Failed: end of filezone - loading from master - failed: end of file

tmiland · March 8, 2021, 12:51pm

Hello,

i get this error on new server creation:

zone subdomain.domain.com/IN: loading from master file /var/lib/bind/subdomain.domain.com.hosts failed: end of file

The issue is that a new line is added to the zone file…
If i delete the new line at the end of the file and restart bind, everything is okay.

What can the cause of this be?

Joe · March 9, 2021, 2:07am

Did you modify the Server Template for zone records?

tmiland · March 9, 2021, 9:00am

Only changed some of the settings.

BIND DNS records for new domains is set to No additional records.

Joe · March 9, 2021, 8:08pm

Is it just one domain? i.e. are other zones working fine?
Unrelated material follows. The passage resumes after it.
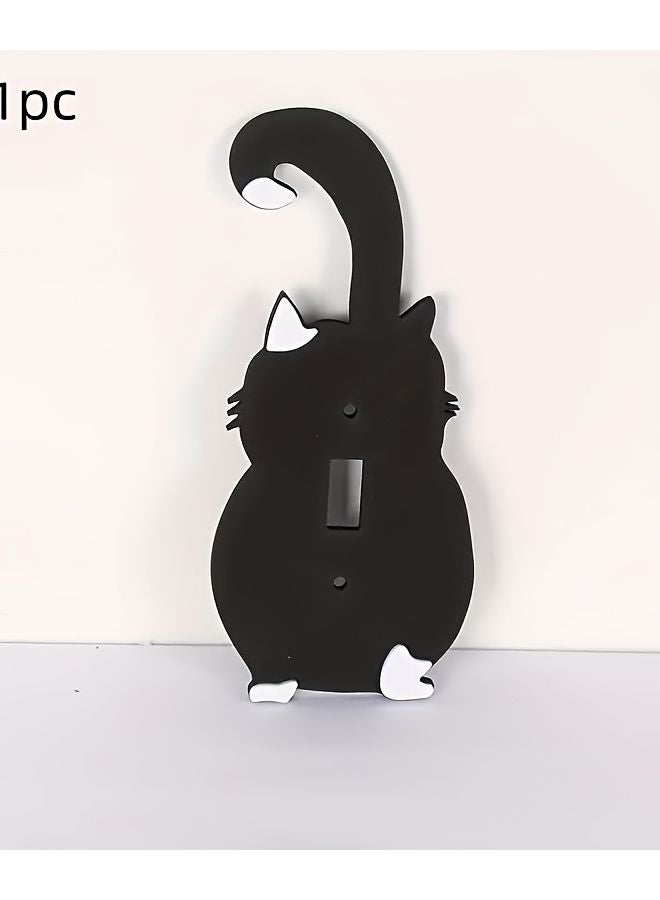 Cute Black Cat Silhouette Single Light Switch Cover Easy Install Wall Panel Home Decor - Image 1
Was it imported or migrated? I’m pretty much out of ideas, as I’ve never seen this happen.

tmiland · March 9, 2021, 8:28pm

This was a new virtual server. No errors on other zones.

Tried to create another one with options:

[Setup DNS zone?]

No other options.

Additional feature options
- Slave zone master DNS servers [IP to master]

No errors on webmin → servers → BIND DNS Server → Check BIND Config.

The server which got the error was setup with DNS, Nginx, Postgres and MySQL.

So, seems I’m not able to reproduce the problem. I’m a bit puzzled…

Joe · March 9, 2021, 8:33pm

Oh…I bet I know what’s happening. How much memory do you have?

Check the kernel log for out of memory errors. I bet you have one (or more). I’d almost be willing to bet this is the OOM killer biting you.

tmiland · March 9, 2021, 8:47pm

I have seen a few of those, so yes that could be what’s happening.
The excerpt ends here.